In light of this it is not at all surprising then that the crisis has continued and has reached the inevitable stage of eating of the seed corn in the form of further personnel and program cuts. The final cohort of tenured faculty count the days to their retirement and the cheap-to-maintain part-timers come to teach, but rightly do virtually nothing else to advance the university in service or scholarship. As one who was an early casualty of the first round of cuts in 2006 and also has a literally global view on the issue, it is hard to watch a campus turn into an intellectual death camp.
The problem of recruitment and retention of talented students at SOU can be resolved by making good on the claim that it is Oregon's public liberal arts university. In the case of SOU, it would mean the last best rebranding to become The University of Oregon at Ashland.
In consulting with some in direct contact with the administrations of both universities, there is little interest in moving toward any kind of consolidation. Trusting in the beneficiaries of the system's status quo to respond affirmatively to this slow institutional disaster is like asking executives at Sears in 1990 about Amazon.com and expecting an intelligent reply. Sears, the Amazon.com of the previous century, forgot what its real business was, and so it is with those who are stuck in the paradigm of autonomous regional universities having any future.

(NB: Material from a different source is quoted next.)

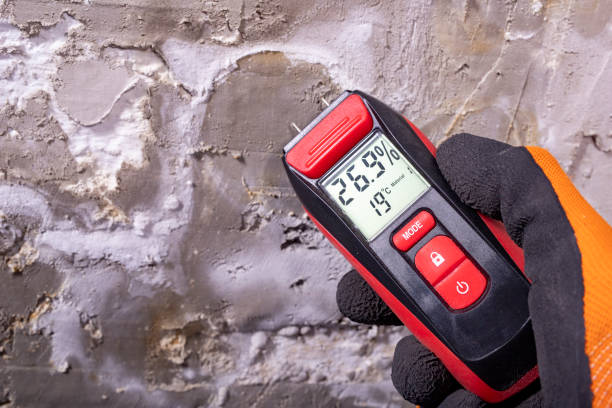 Best Mold Remediation  in Bonsall, CA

A transformative strategy thus requires going both over and under their heads. State involvement, while generally not a good thing in higher education policy, must provide necessary leadership. Both the executive and legislative branches will have to intervene as a matter of public interest over provincial campus turf defense. This should be a priority for our local state legislative delegation.
Of equal importance is to work with SOU and U. of O. arts, humanities and social sciences faculty in dialogue to move the process forward. This dialogue should be premised on assurance that no program or faculty member would be involuntarily transferred to SOU or vice versa. What would be offered is a setting and lifestyle that should literally move them and possibly entire programs as well to a new preferred environment.
A third and utterly critical stakeholder to creating the University of Oregon at Ashland are, of course, the students. They must be informed, organized and mobilized to assert their interests in the future of their degrees. The cache of a U. of O. moniker on their parchment should be an easy sell, but they must be consulted and involved in the process.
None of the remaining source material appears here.